Kaygı, gücümüzün sınırlı olduğunu bilmemizle, ölümlülük bilincimizle ve bizi kemiren kuşkularla ilişkilendiriliyor; çünkü diğer hayvanların tersine biz bundan sonra ne olacağını tahmin etmeye çalışırken, bilinmeyenlerle yüzleşmenin yanı sıra, girilmemiş yolları da yansıtabiliyoruz.
Dört bir yandan modern çağda Aşk tehlikelidir mesajları yükleniyor beyinlerimize.
Sorguladığım kadar varım. Düşünen olarak ‘moda’ yaşamayı reddediyorum. Yaşamsal olan her alanın iktidarı yok etmesi, soyması gerekir.

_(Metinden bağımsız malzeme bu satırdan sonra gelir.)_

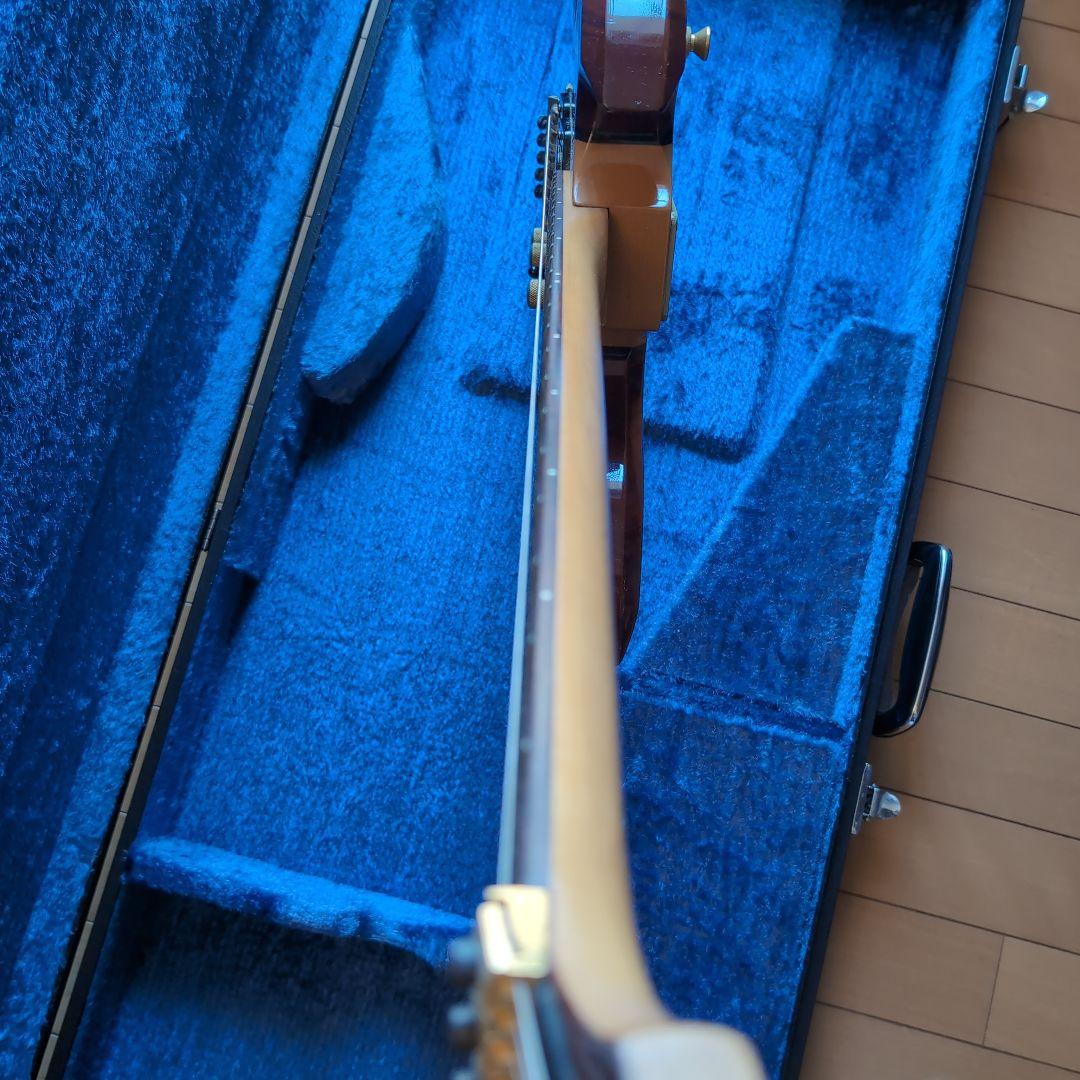 B.C.Rich MG-1101N Mockingbird 日本製 90年代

Egemen kültür dayatmalarıyla üstüme gelirken kendi duruşumu kendi evrenim içerisinde belirlemek zorundayım.
Karşı duruşum lezbiyenliğimi bana aşikâr eden Aşk’dan güç alıyor ki o Aşk bende varken karşı özneyi bulmuş ya da bulamamış bunu çok da önemsemiyorum. Değil mi ki nice sevgiler gördük, seveni yangınlarda bırakıp yabancı tenlerde kendini tüketen. İhanetler gördük, yalanlar gördük bizim olan her şeyi bir bir yağmalayan. Ama hep sevdik. Hepsi bu değil mi?